→ **Work order**
Write the entries below again, precisely as they appear.
START Exercise input
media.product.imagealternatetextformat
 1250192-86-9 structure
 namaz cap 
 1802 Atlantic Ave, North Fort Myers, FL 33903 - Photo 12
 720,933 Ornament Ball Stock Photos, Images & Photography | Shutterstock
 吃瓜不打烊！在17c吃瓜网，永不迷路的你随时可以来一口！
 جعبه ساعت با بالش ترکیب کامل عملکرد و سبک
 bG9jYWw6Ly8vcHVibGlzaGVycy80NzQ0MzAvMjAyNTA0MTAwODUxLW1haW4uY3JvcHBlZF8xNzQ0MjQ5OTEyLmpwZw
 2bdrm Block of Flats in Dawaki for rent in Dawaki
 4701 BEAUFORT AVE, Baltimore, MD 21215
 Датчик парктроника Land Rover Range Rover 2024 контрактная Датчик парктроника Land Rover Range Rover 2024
END Exercise input
→ **Answer space**
media.product.imagealternatetextformat
 1250192-86-9 structure
 namaz cap 
 1802 Atlantic Ave, North Fort Myers, FL 33903 - Photo 12
 720,933 Ornament Ball Stock Photos, Images & Photography | Shutterstock
 吃瓜不打烊！在17c吃瓜网，永不迷路的你随时可以来一口！
 جعبه ساعت با بالش ترکیب کامل عملکرد و سبک
 bG9jYWw6Ly8vcHVibGlzaGVycy80NzQ0MzAvMjAyNTA0MTAwODUxLW1haW4uY3JvcHBlZF8xNzQ0MjQ5OTEyLmpwZw
 2bdrm Block of Flats in Dawaki for rent in Dawaki
 4701 BEAUFORT AVE, Baltimore, MD 21215
 Датчик парктроника Land Rover Range Rover 2024 контрактная Датчик парктроника Land Rover Range Rover 2024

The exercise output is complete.